■ **Work request**
Using the entries below, copy exactly each line from the line with "galeria HILUX" up to and including the line with "Anillo San Miguel", with every picture left out.

[Input for this task]

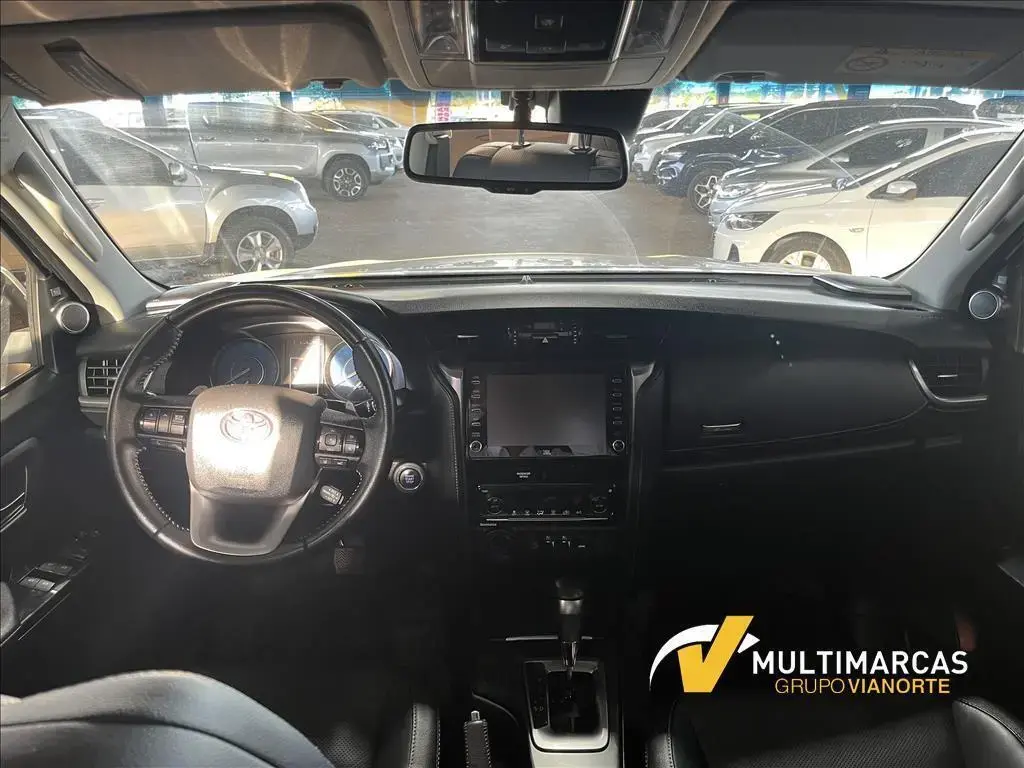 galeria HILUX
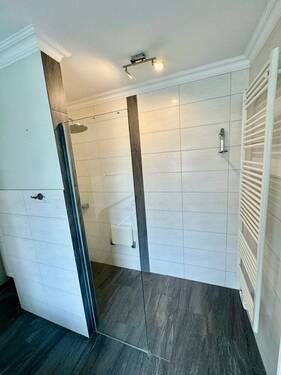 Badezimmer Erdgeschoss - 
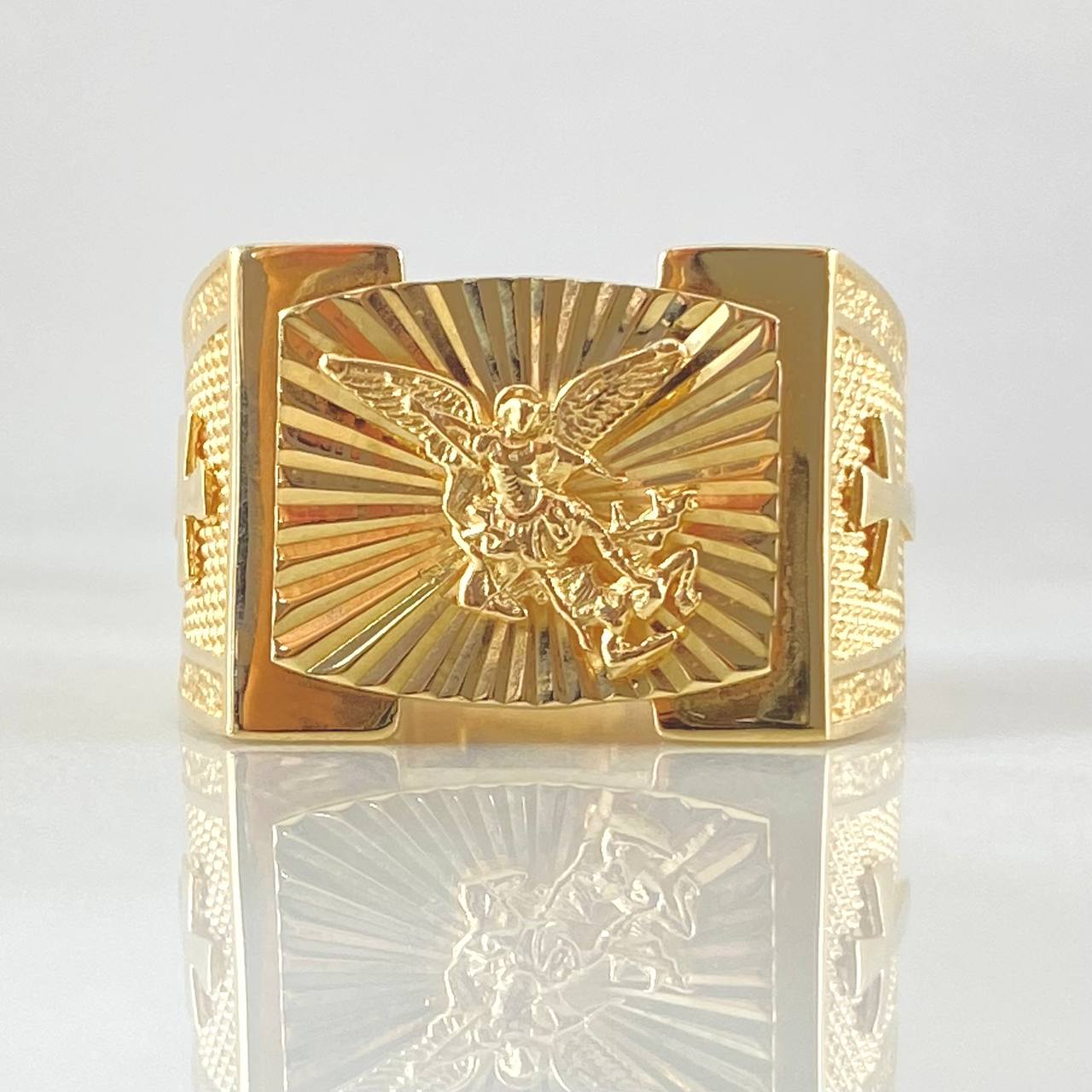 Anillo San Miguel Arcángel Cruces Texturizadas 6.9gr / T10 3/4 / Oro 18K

[/Input for this task]
[Input for this task]

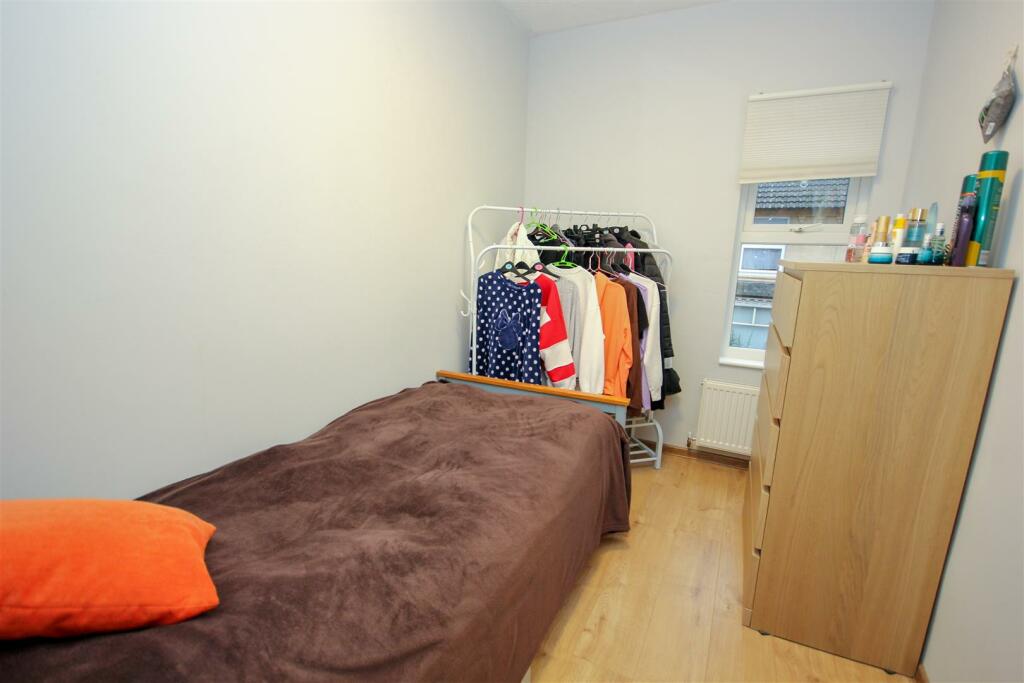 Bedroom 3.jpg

[/Input for this task]
[Input for this task]

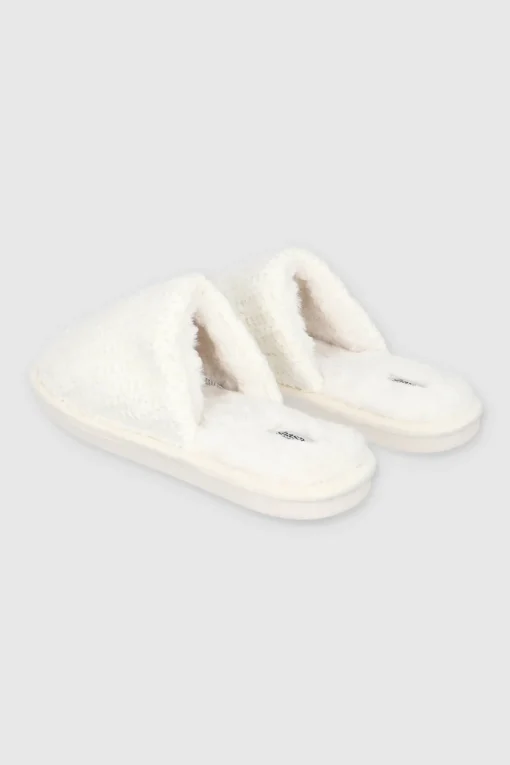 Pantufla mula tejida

[/Input for this task]

■ **Task response**
 galeria HILUX
 Badezimmer Erdgeschoss - 
 Anillo San Miguel Arcángel Cruces Texturizadas 6.9gr / T10 3/4 / Oro 18K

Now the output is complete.